VQ-DeepVSC: A Dual-Stage Vector Quantization Framework for Video Semantic Communication

Yongyi Miao,Zhongdang Li,Yang Wang,Die Hu,Jun Yan,Youfang Wang
2024-09-05
Abstract:In response to the rapid growth of global videomtraffic and the limitations of traditional wireless transmission systems, we propose a novel dual-stage vector quantization framework, VQ-DeepVSC, tailored to enhance video transmission over wireless channels. In the first stage, we design the adaptive keyframe extractor and interpolator, deployed respectively at the transmitter and receiver, which intelligently select key frames to minimize inter-frame redundancy and mitigate the cliff-effect under challenging channel conditions. In the second stage, we propose the semantic vector quantization encoder and decoder, placed respectively at the transmitter and receiver, which efficiently compress key frames using advanced indexing and spatial normalization modules to reduce redundancy. Additionally, we propose adjustable index selection and recovery modules, enhancing compression efficiency and enabling flexible compression ratio adjustment. Compared to the joint source-channel coding (JSCC) framework, the proposed framework exhibits superior compatibility with current digital communication systems. Experimental results demonstrate that VQ-DeepVSC achieves substantial improvements in both Multi-Scale Structural Similarity (MS-SSIM) and Learned Perceptual Image Patch Similarity (LPIPS) metrics than the H.265 standard, particularly under low channel signal-to-noise ratio (SNR) or multi-path channels, highlighting the significantly enhanced transmission capabilities of our approach.

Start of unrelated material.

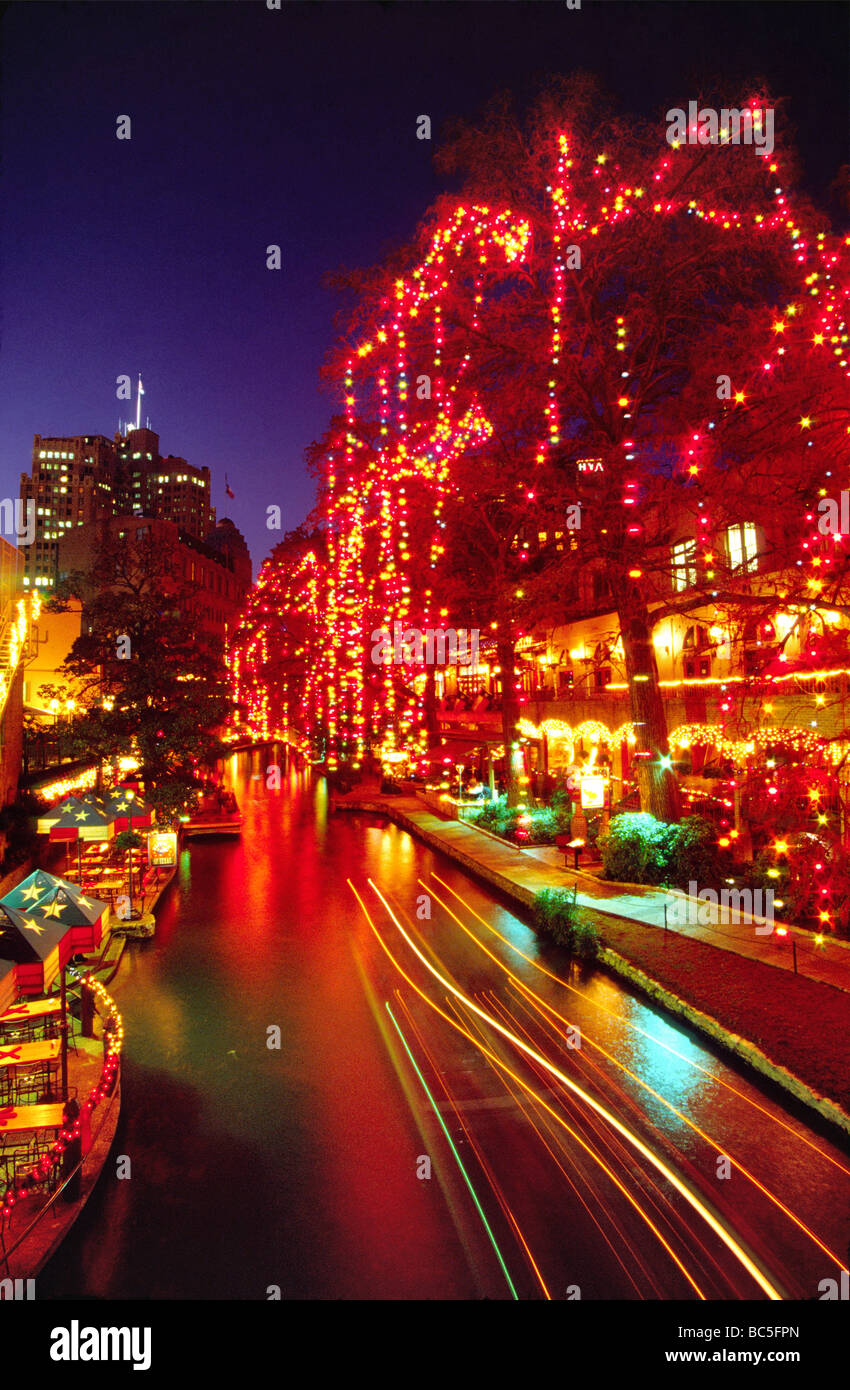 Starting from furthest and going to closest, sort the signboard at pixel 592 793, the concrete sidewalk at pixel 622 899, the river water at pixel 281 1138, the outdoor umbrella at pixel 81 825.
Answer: the signboard at pixel 592 793 → the outdoor umbrella at pixel 81 825 → the concrete sidewalk at pixel 622 899 → the river water at pixel 281 1138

Networking and Internet Architecture
What problem does this paper attempt to address?
The main problem that this paper attempts to solve is the contradiction between the rapid growth of global video traffic and the limitations of traditional wireless transmission systems. Specifically, although traditional wireless video transmission systems have made improvements in optimizing the bit error rate (BER), they still face challenges in ensuring high - quality transmission. These systems mainly focus on compression efficiency, but are insufficient in semantic understanding and adaptability required under dynamic network conditions. Even with the latest H.265 technology, the problem of cliff - effect has not been solved. The cliff - effect refers to the significant decline in video transmission quality when the channel signal - to - noise ratio (SNR) is below a certain critical threshold. To solve these problems, the author proposes a new framework based on two - stage vector quantization - VQ - DeepVSC, to enhance the video transmission performance on wireless channels. This framework is achieved through the following two stages: 1. **First stage**: An adaptive key - frame extractor and an interpolator are designed and deployed at the transmitter and the receiver respectively. The goal of this stage is to reduce inter - frame redundancy by intelligently selecting key frames and mitigate the cliff - effect under poor channel conditions. 2. **Second stage**: A semantic vector quantization encoder and a decoder are proposed and placed at the transmitter and the receiver respectively. This stage efficiently compresses key frames through advanced indexing and spatial normalization modules, further reducing redundancy. In addition, the author also introduces an adjustable exponent selection and recovery module, which improves the compression efficiency and allows for flexible adjustment of the compression ratio. Experimental results show that, compared with the H.265 standard, VQ - DeepVSC shows significant improvements in the multi - scale structural similarity (MS - SSIM) and the learned perceptual image patch similarity (LPIPS) metrics, especially under low channel signal - to - noise ratio or multipath channel conditions, demonstrating stronger transmission capabilities.